> Exercise prompt
Please copy the data below exactly; none of the pictures in it belong in the copy.

> Recorded data
|---|

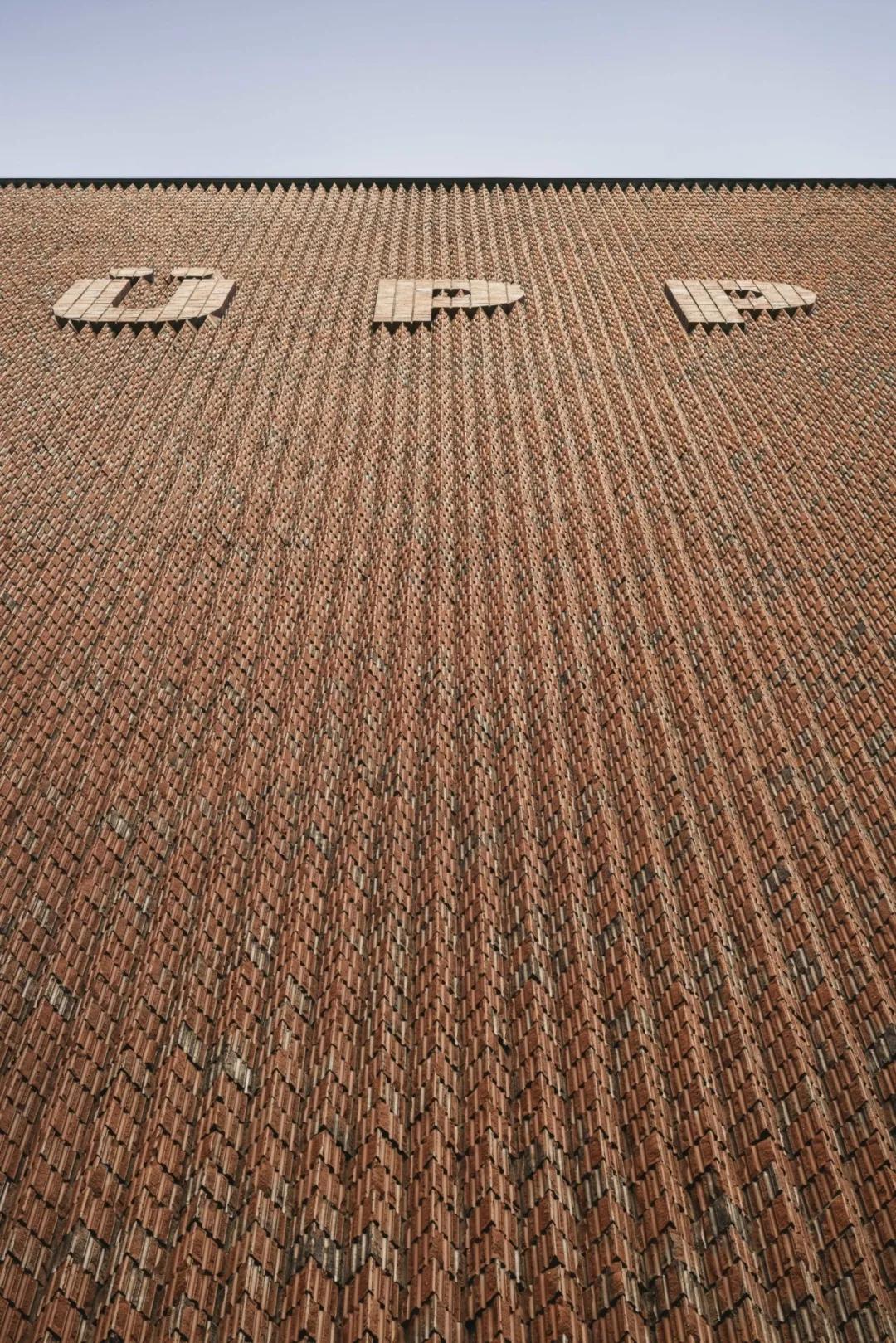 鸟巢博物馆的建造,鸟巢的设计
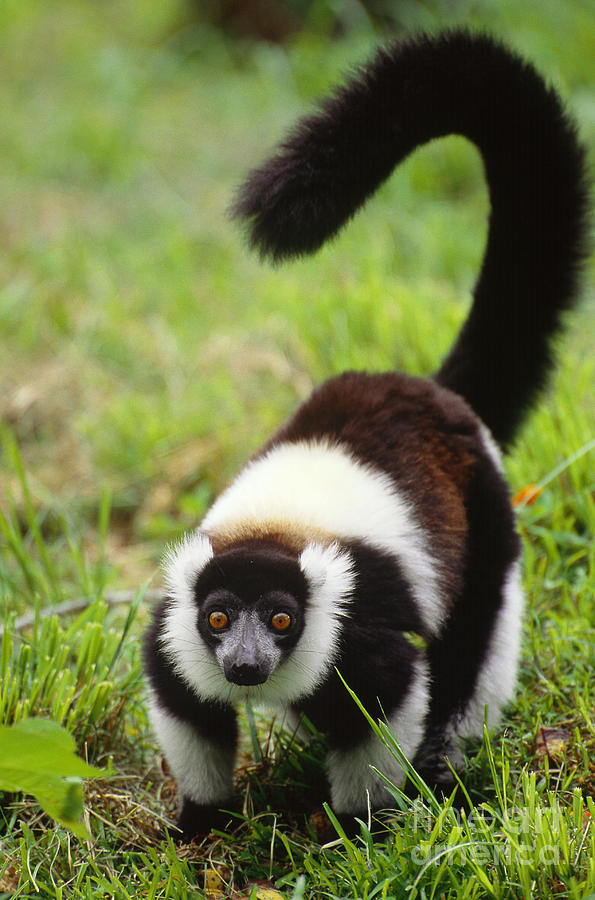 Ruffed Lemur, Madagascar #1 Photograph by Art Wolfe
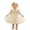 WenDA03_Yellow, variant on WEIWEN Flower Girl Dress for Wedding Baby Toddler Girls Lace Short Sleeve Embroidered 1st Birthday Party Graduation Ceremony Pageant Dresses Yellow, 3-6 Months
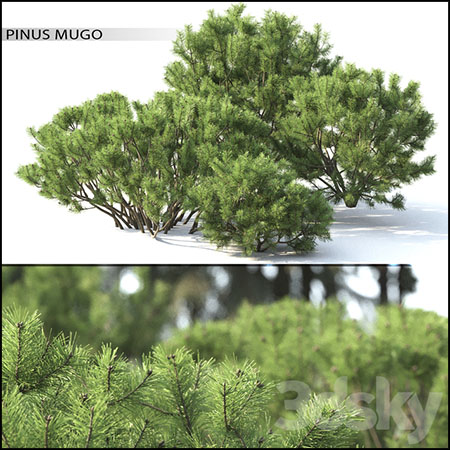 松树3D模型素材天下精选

|---|

> Output
 鸟巢博物馆的建造,鸟巢的设计
 Ruffed Lemur, Madagascar #1 Photograph by Art Wolfe
 WenDA03_Yellow, variant on WEIWEN Flower Girl Dress for Wedding Baby Toddler Girls Lace Short Sleeve Embroidered 1st Birthday Party Graduation Ceremony Pageant Dresses Yellow, 3-6 Months
 松树3D模型素材天下精选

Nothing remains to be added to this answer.